Goal of the exercise: Output the first line of the listing and each line after it, up to and including the line that contains "別冊教職研修 2026年 7月号 [雑誌]", exactly as written, minus the pictures.

Listed entries:

-- -- --

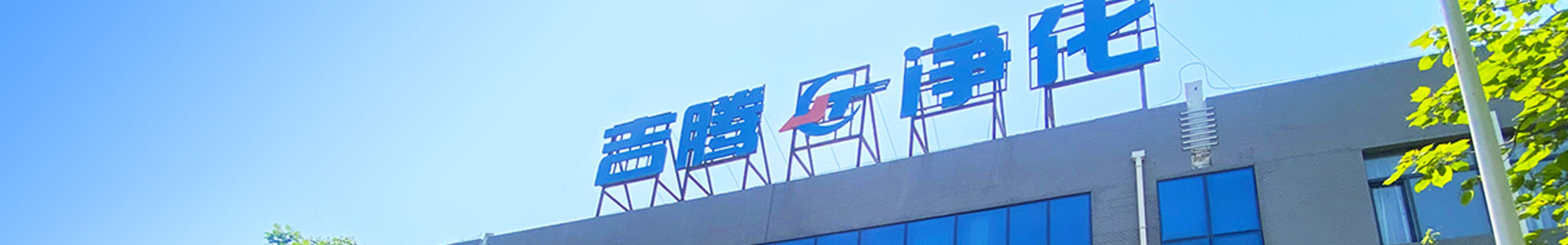 开云电子_开云电子(中国)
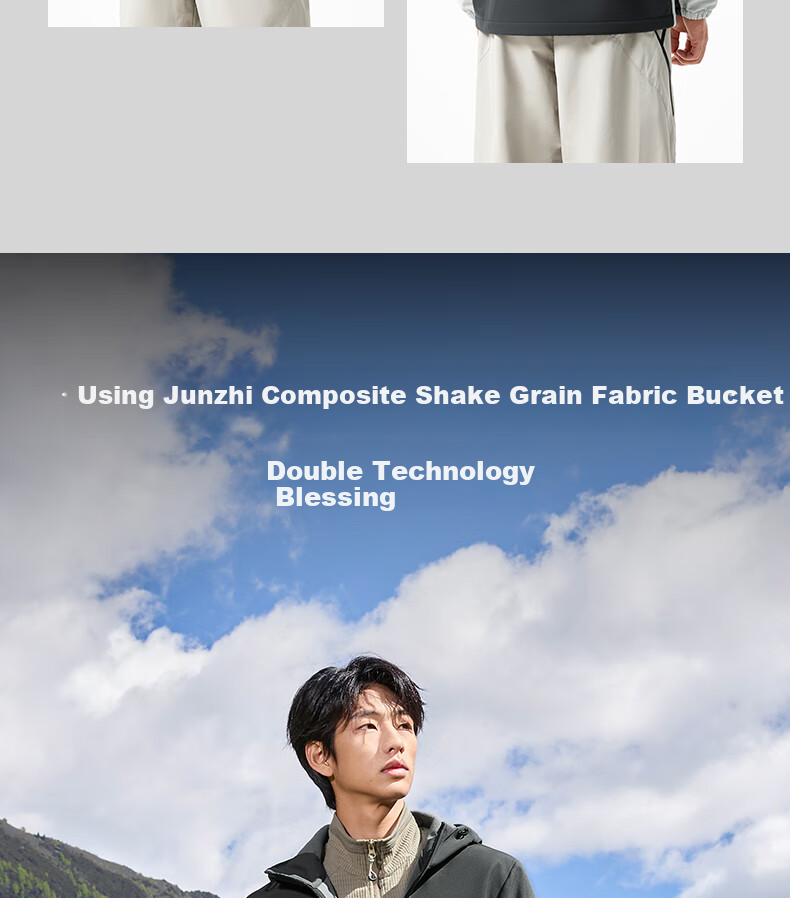 361° Men's Spring Jacket, Triple-Protection Sports Outdoor Water-Repellent Casual Fleece-Lined Coat, Style 652544602-1 7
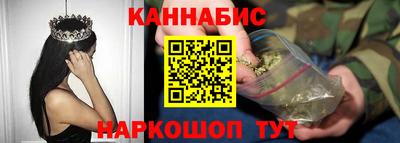 герыч Апшеронск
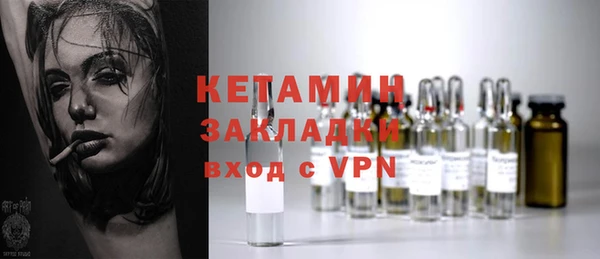 МДМА Алексеевка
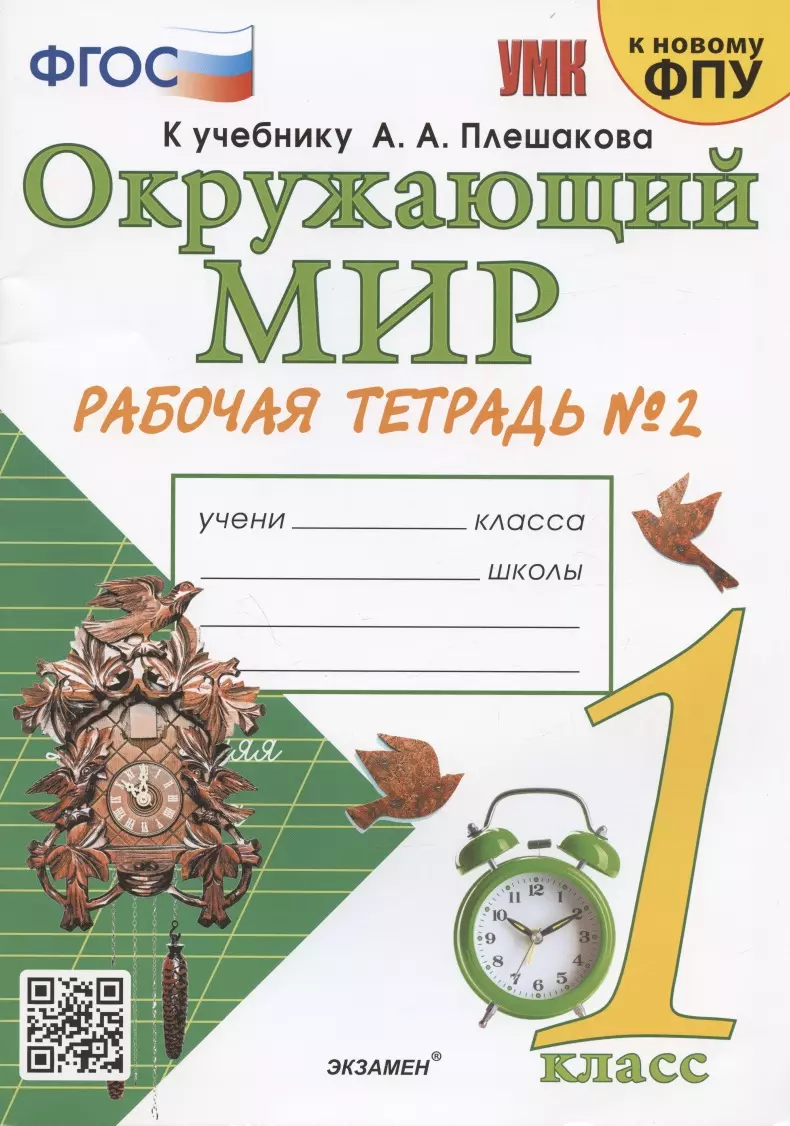 Окружающий мир. 1 класс. Рабочая тетрадь № 2. К учебнику А.А. Плешакова 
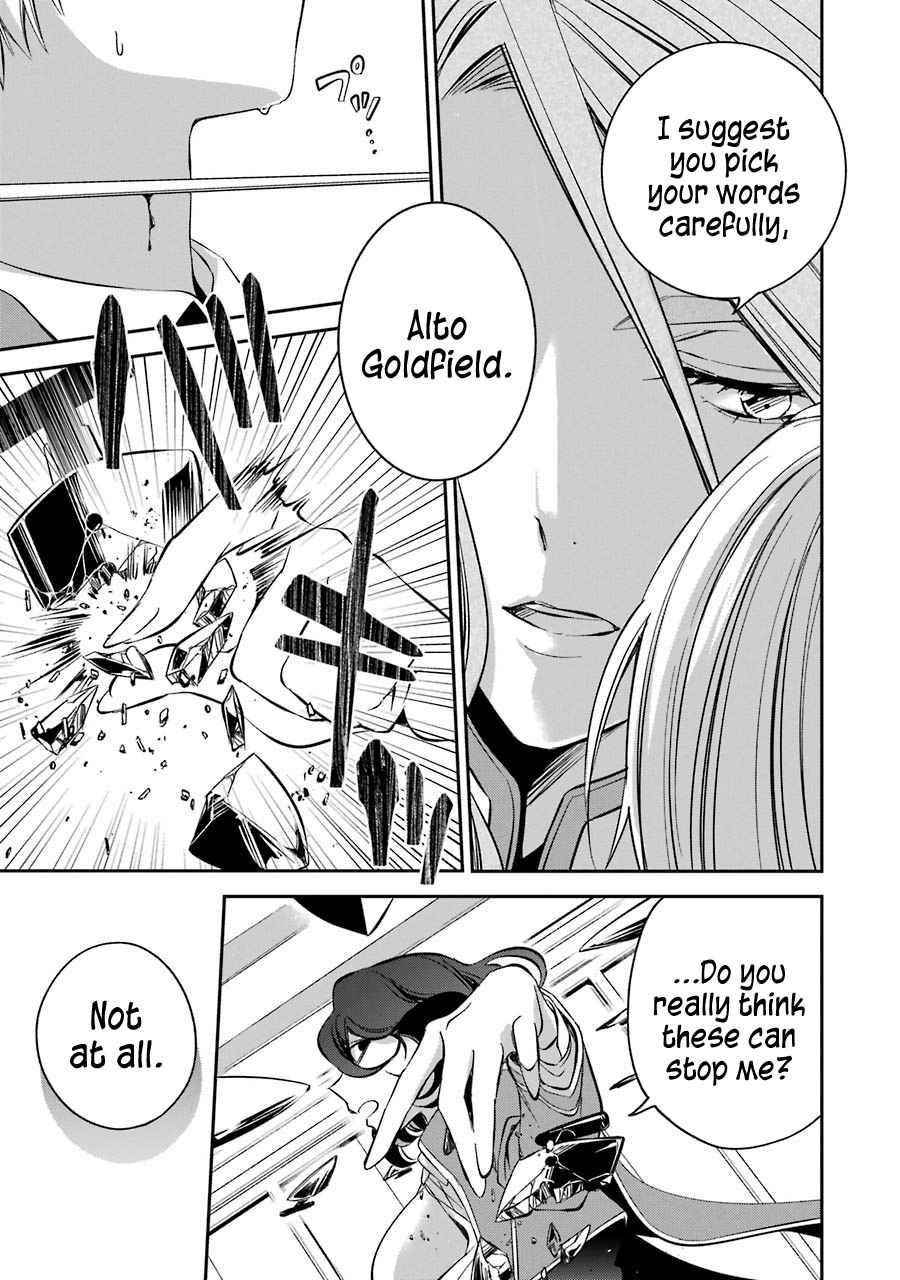 Vermeil in Gold – A Magician Pushes Through the Magical World With the Strongest Disaster Chapter 11 - Page 22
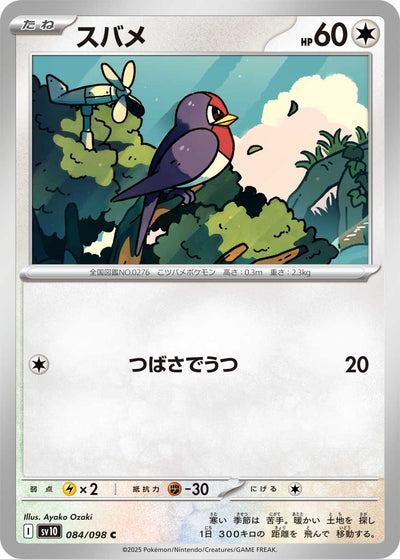 Schwalbini 084/098 Glory of Team Rocket Pokémon Karte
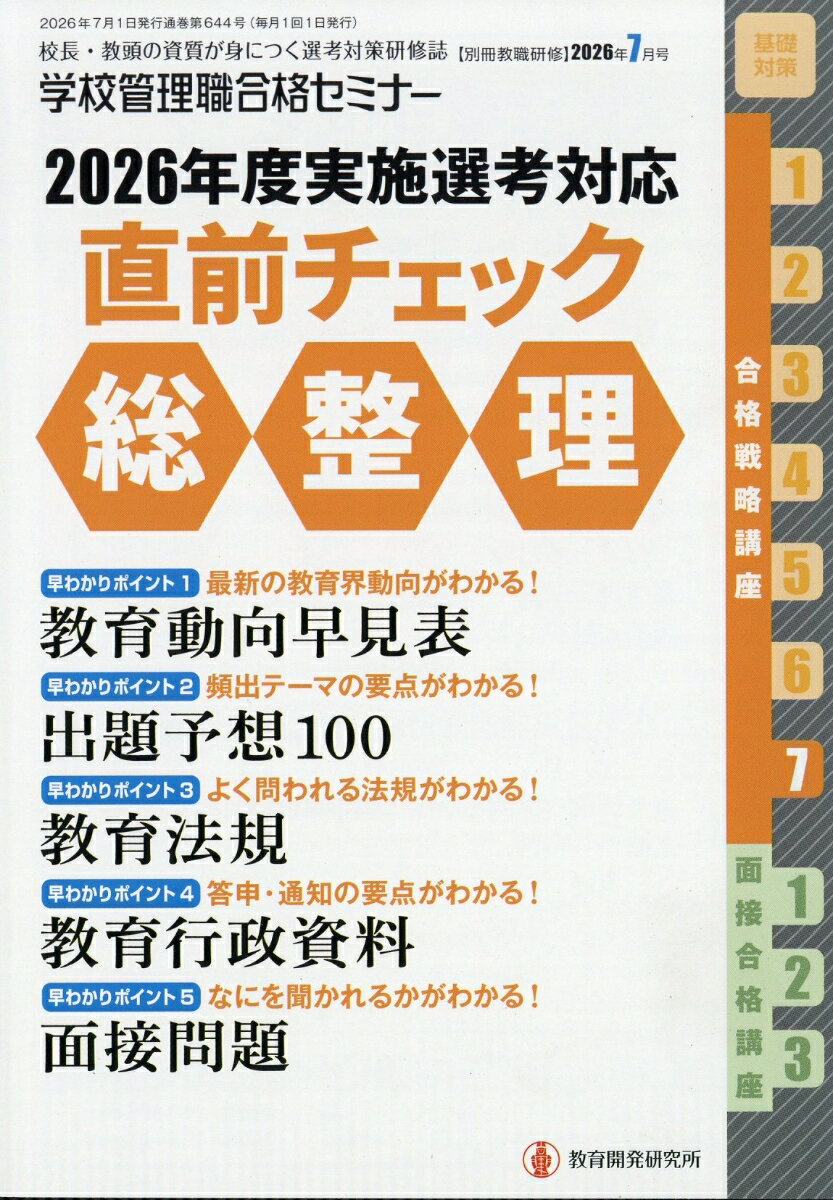 別冊教職研修 2026年 7月号 [雑誌]
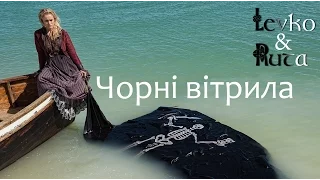 "Чорні вітрила" (Black Sails) огляд 1-2 сезону [від Levko & Ruta]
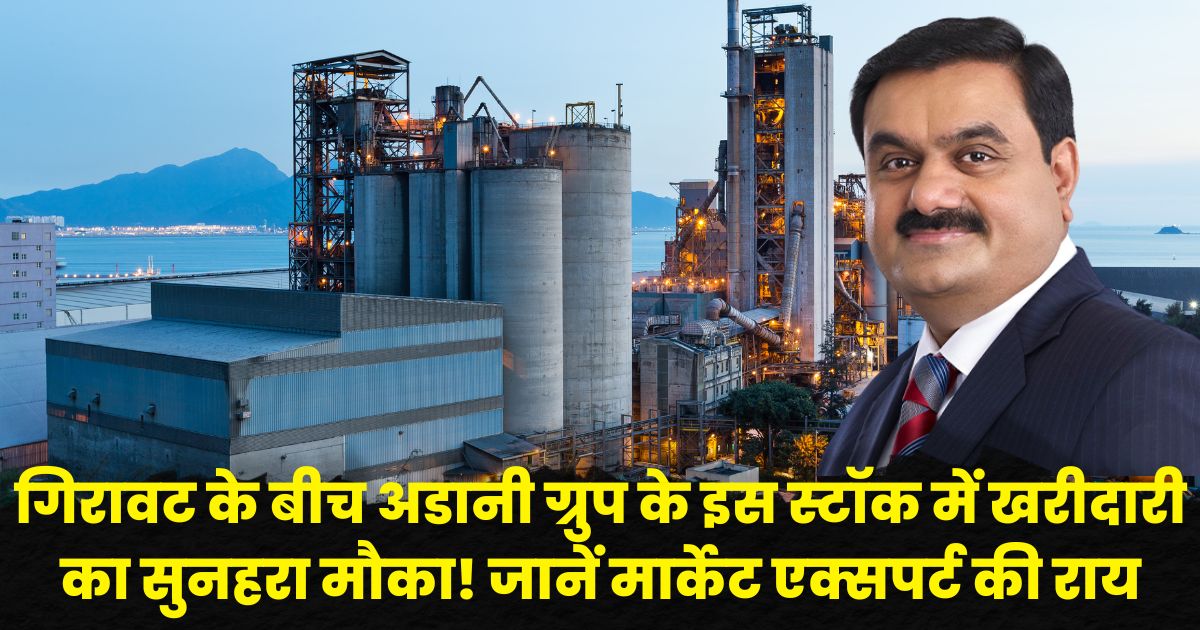 Sanghi Industries Share Price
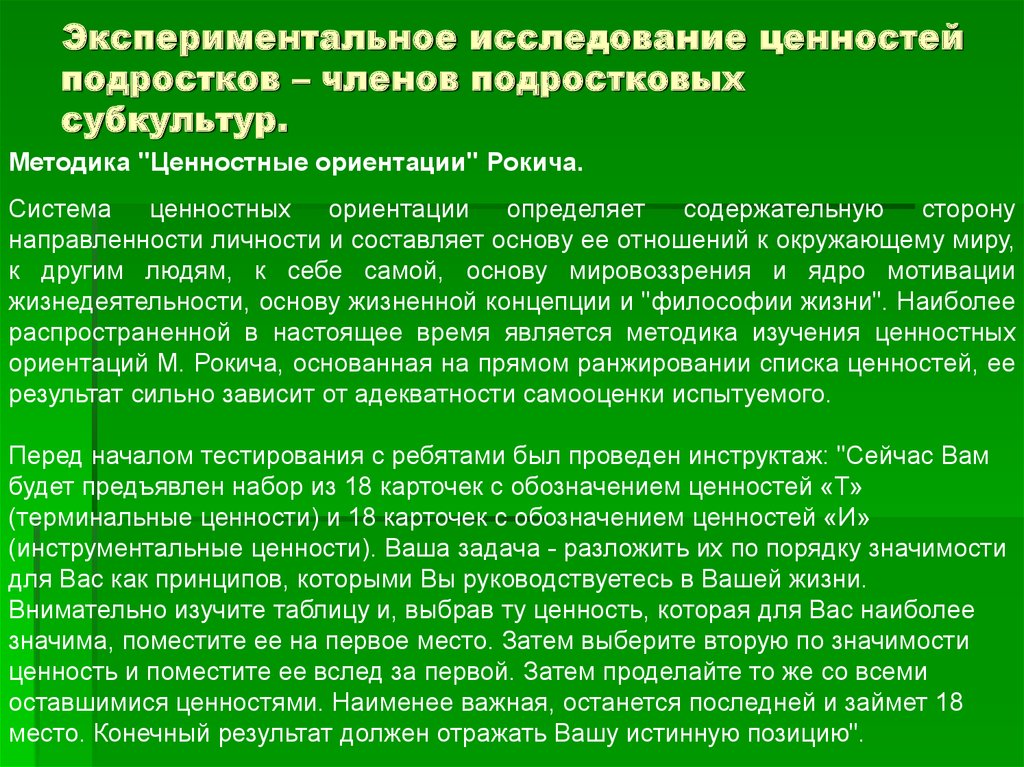 Ценности современных подростков презентация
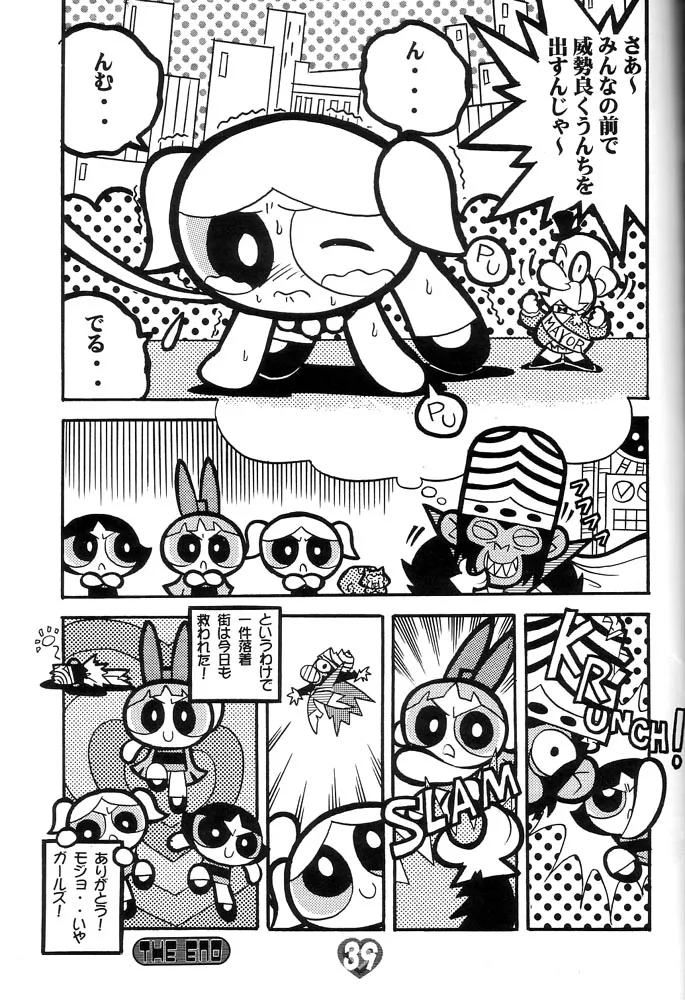 THE PUFF PUFF GIRLS Page.40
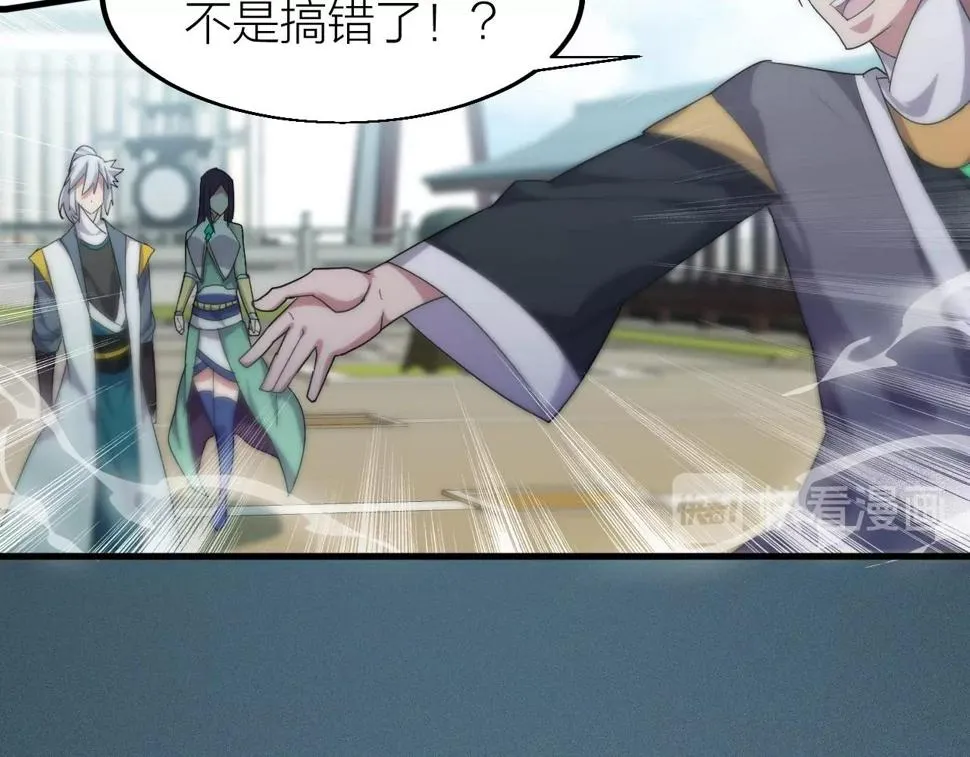 第16话 刑罚宣判 第69页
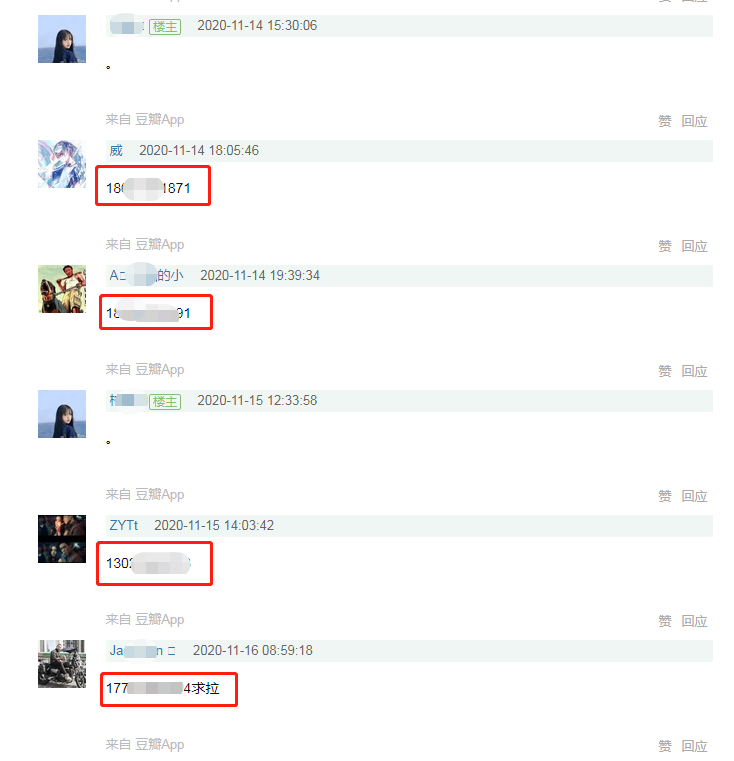 提升引流效率与精准度：豆瓣引流的高效策略与实用技巧揭秘，每日自动获得50+流量！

-- -- --

Solution for this task:
 开云电子_开云电子(中国)
 361° Men's Spring Jacket, Triple-Protection Sports Outdoor Water-Repellent Casual Fleece-Lined Coat, Style 652544602-1 7
 герыч Апшеронск
 МДМА Алексеевка
 Окружающий мир. 1 класс. Рабочая тетрадь № 2. К учебнику А.А. Плешакова 
 Vermeil in Gold – A Magician Pushes Through the Magical World With the Strongest Disaster Chapter 11 - Page 22
 Schwalbini 084/098 Glory of Team Rocket Pokémon Karte
 別冊教職研修 2026年 7月号 [雑誌]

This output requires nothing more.